[Brief descriptive captions]
= = =
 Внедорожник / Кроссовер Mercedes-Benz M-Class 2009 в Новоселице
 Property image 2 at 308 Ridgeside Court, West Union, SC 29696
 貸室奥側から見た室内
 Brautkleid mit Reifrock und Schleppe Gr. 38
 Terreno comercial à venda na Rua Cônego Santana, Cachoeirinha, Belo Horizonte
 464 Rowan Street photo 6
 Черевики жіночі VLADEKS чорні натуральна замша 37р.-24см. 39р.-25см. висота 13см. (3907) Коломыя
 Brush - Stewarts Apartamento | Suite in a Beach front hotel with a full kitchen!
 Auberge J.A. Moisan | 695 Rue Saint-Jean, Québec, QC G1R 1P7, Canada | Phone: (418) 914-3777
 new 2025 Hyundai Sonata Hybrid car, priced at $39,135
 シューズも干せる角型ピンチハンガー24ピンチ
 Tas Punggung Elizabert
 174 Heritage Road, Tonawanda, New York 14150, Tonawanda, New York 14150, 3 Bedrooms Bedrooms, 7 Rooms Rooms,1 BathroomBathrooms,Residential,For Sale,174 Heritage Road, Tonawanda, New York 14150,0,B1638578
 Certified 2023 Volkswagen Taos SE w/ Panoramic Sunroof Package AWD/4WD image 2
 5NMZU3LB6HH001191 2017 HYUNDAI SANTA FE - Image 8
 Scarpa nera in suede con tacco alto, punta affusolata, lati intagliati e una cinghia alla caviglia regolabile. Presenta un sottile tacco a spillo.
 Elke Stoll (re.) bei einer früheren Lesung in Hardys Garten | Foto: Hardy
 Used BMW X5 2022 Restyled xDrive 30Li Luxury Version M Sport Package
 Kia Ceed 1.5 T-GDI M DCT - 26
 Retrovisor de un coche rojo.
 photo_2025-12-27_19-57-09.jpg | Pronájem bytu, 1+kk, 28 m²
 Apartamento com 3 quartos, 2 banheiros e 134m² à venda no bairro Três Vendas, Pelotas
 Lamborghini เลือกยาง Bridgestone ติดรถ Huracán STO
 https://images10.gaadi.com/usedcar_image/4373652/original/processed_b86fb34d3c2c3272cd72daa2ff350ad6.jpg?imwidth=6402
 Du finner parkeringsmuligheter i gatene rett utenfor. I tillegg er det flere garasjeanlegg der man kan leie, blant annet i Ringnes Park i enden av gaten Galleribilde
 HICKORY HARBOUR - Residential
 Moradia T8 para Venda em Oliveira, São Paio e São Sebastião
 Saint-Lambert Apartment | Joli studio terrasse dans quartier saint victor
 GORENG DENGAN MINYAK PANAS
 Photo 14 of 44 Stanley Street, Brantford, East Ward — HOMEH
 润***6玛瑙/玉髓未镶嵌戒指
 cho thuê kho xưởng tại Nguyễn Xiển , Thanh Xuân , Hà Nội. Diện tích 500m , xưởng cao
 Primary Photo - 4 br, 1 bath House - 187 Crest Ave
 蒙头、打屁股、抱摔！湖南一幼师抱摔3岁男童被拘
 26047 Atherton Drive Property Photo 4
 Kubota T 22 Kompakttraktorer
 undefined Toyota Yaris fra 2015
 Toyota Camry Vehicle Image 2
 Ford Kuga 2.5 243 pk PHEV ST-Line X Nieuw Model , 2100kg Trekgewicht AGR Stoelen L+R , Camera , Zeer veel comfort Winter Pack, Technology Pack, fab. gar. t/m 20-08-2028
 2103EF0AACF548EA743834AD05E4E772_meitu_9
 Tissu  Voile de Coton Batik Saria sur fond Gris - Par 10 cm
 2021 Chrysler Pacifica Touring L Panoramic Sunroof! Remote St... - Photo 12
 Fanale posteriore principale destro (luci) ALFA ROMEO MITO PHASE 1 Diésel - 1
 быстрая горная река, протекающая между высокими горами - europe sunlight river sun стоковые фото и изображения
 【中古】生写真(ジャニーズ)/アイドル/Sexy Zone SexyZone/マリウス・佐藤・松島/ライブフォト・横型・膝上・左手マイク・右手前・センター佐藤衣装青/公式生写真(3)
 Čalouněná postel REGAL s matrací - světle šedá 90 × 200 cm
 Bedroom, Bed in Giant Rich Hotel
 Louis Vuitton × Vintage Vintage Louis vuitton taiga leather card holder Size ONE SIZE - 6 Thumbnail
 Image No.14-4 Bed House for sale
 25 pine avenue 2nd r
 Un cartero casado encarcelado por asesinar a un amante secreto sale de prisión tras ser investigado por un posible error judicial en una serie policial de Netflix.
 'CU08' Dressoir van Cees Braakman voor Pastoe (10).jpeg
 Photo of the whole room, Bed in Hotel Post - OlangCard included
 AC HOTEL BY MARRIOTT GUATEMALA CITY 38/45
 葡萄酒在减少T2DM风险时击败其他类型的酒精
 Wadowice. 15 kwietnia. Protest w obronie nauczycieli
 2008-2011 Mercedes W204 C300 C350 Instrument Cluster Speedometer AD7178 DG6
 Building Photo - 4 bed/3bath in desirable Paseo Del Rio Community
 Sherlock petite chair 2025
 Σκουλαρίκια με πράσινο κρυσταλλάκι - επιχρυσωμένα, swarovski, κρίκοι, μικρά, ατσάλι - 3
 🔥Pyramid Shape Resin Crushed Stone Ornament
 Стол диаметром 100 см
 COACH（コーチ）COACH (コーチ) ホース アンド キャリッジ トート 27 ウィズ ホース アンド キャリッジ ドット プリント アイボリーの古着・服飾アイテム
= = =
Exercise requirements »
Lines above with the string "House" need to be found and copied.

Response to the exercise »
 Primary Photo - 4 br, 1 bath House - 187 Crest Ave
 Image No.14-4 Bed House for sale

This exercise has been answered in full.